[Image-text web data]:
━━━
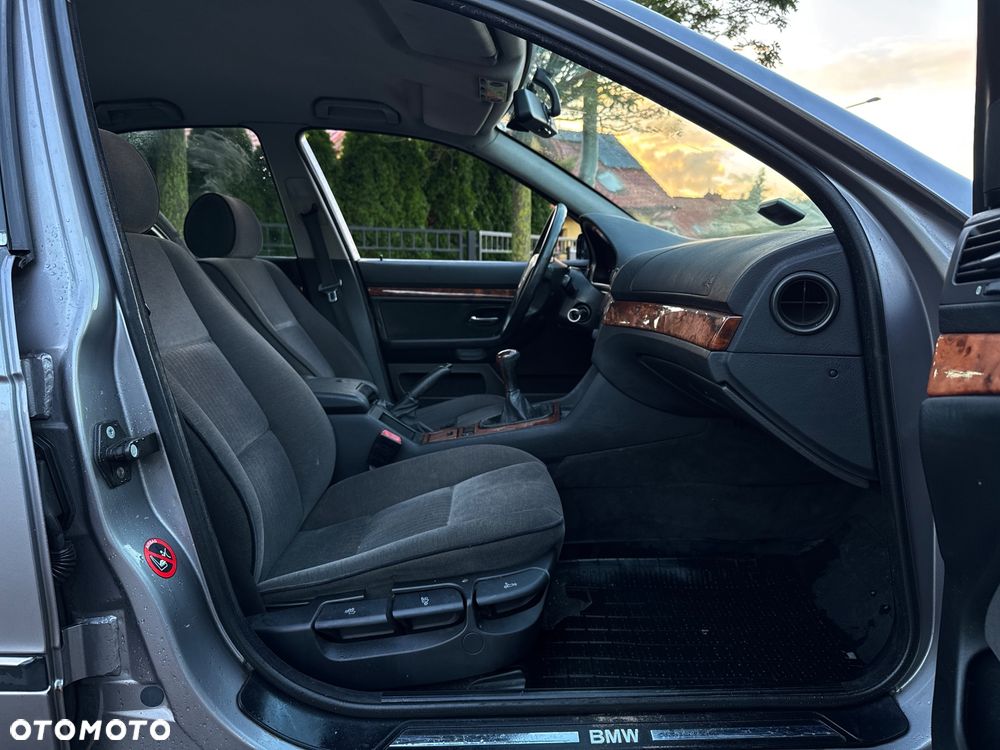 BMW Seria 5 525tds - 9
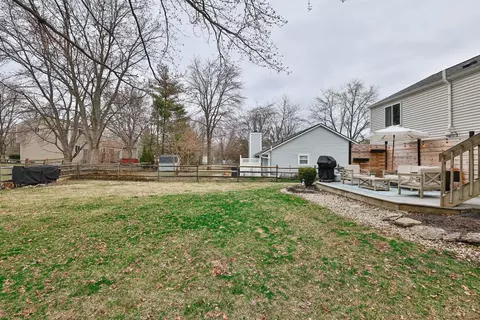 Exterior - 3930 Irwin Simpson Rd, Mason, OH 45040 photo 8 of 10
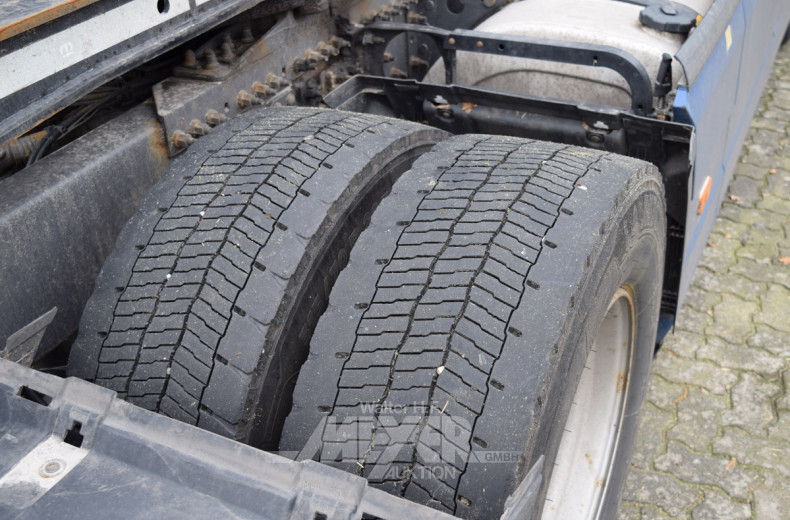 Sattelzugmaschine VOLVO FH 500 4x2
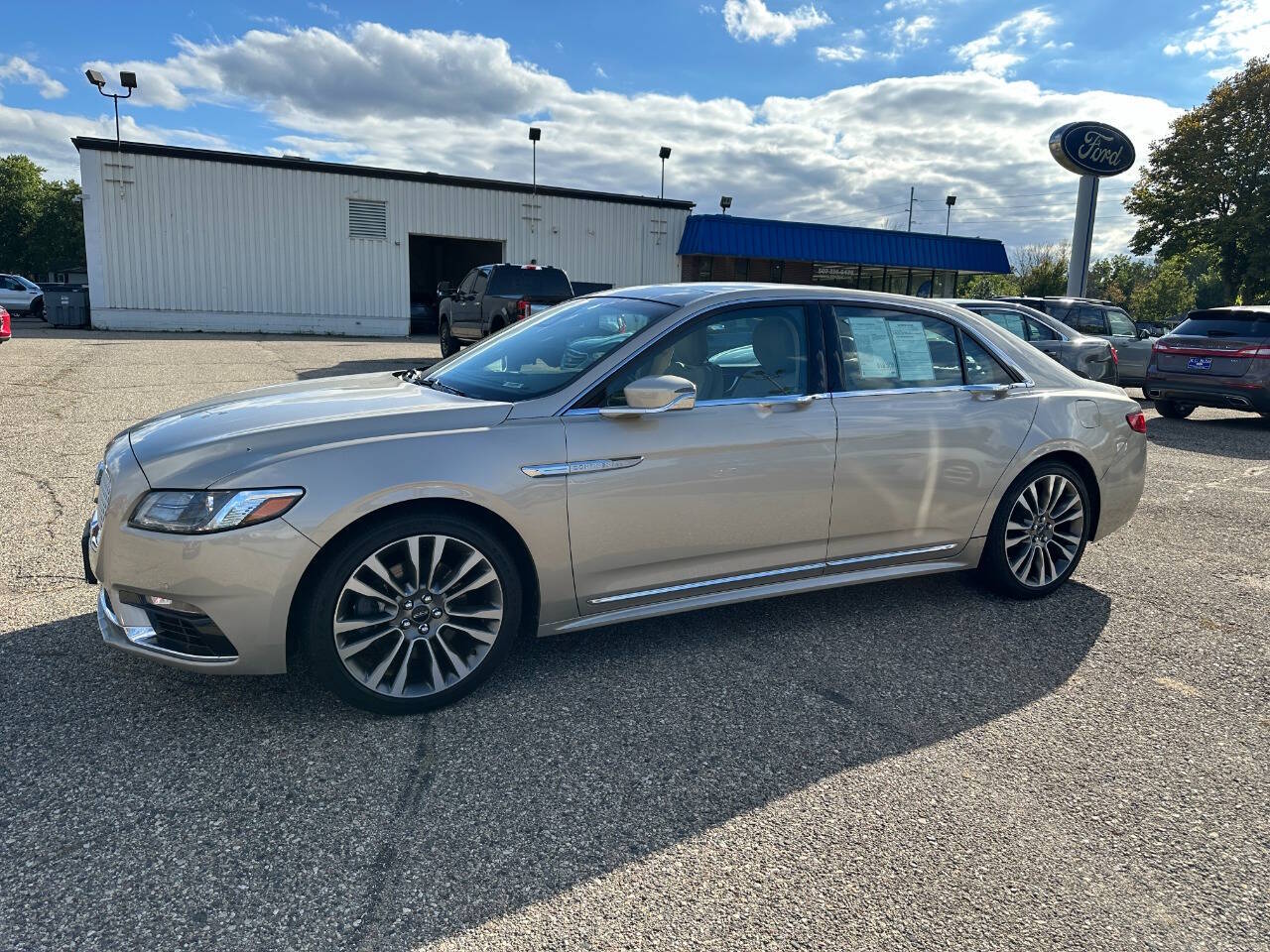2017 Lincoln Continental Select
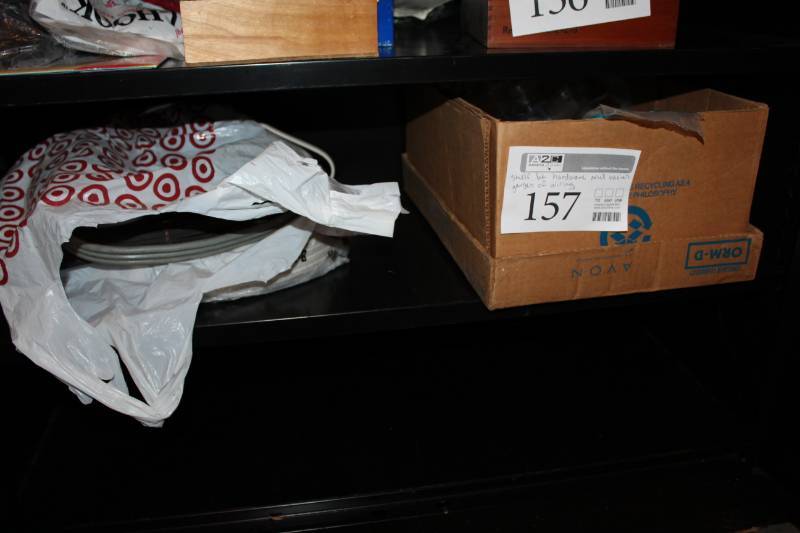 lot 157 image: Hardware, Wiring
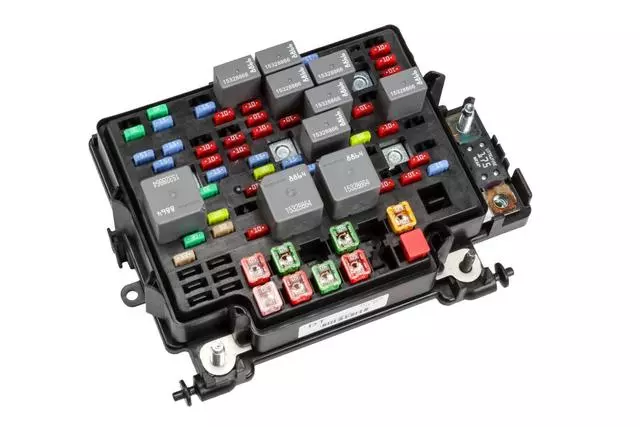 15115618 - : Engine Wiring Harness Junction Block for GM Image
━━━
[ACTIVITY]:
An answer containing only the lines from the one holding "Exterior - 3930" through the close of the entries above, reproduced exactly and stripped of pictures, is expected.

[ANSWER TO THIS PROBLEM]:
 Exterior - 3930 Irwin Simpson Rd, Mason, OH 45040 photo 8 of 10
 Sattelzugmaschine VOLVO FH 500 4x2
2017 Lincoln Continental Select
 lot 157 image: Hardware, Wiring
 15115618 - : Engine Wiring Harness Junction Block for GM Image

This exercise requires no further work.